Here is a readable solution. Probably slower than some.
df_test[c(TRUE, FALSE)][is.na(df_test[c(TRUE, FALSE)])] <-
df_test[c(FALSE, TRUE)][is.na(df_test[c(TRUE, FALSE)])]
This could be sped up a bit with pre-allocating the replacement so it is only performed once.
filler <- is.na(df_test[c(TRUE, FALSE)])
df_test[c(TRUE, FALSE)][filler] <- df_test[c(FALSE, TRUE)][filler]
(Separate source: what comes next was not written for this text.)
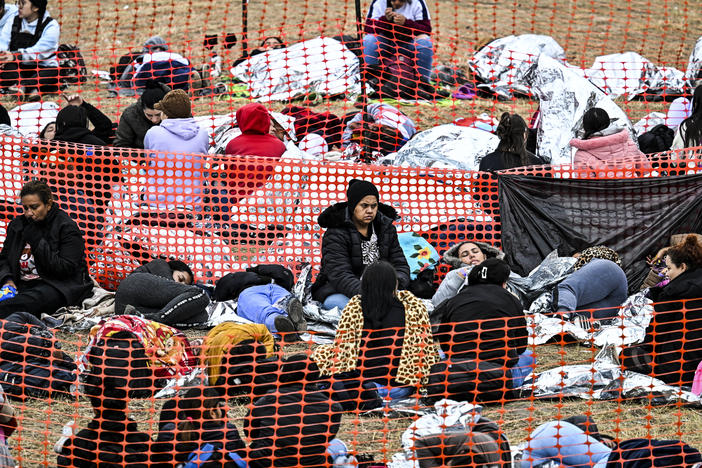 Immigrants wait to be processed after they crossed the border into the U.S. in Eagle Pass, Texas, on Dec. 22. Eleven states and D.C. offer taxpayer-funded health insurance to some immigrants without legal status.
In a two data.frame scenario, df1 and df2, this logic would be
filler <- is.na(df1)
df1[filler] <- df2[filler]
Maybe this is naive, but how about neither? I think it's still in the spirit of things if you're just looking for the fastest method. I suspect this won't be it though.
col_1 <- c(1,2,NA,4,5)
temp_col_1 <-c(12,2,2,3,4)
col_2 <- c(1,23,423,NA,23)
temp_col_2 <-c(1,2,23,4,5)
df_test <- data.frame(col_1, temp_col_1, col_2, temp_col_2)
set.seed(pi)
df_test <- df_test[sample(1:nrow(df_test), 1000, replace = TRUE), ]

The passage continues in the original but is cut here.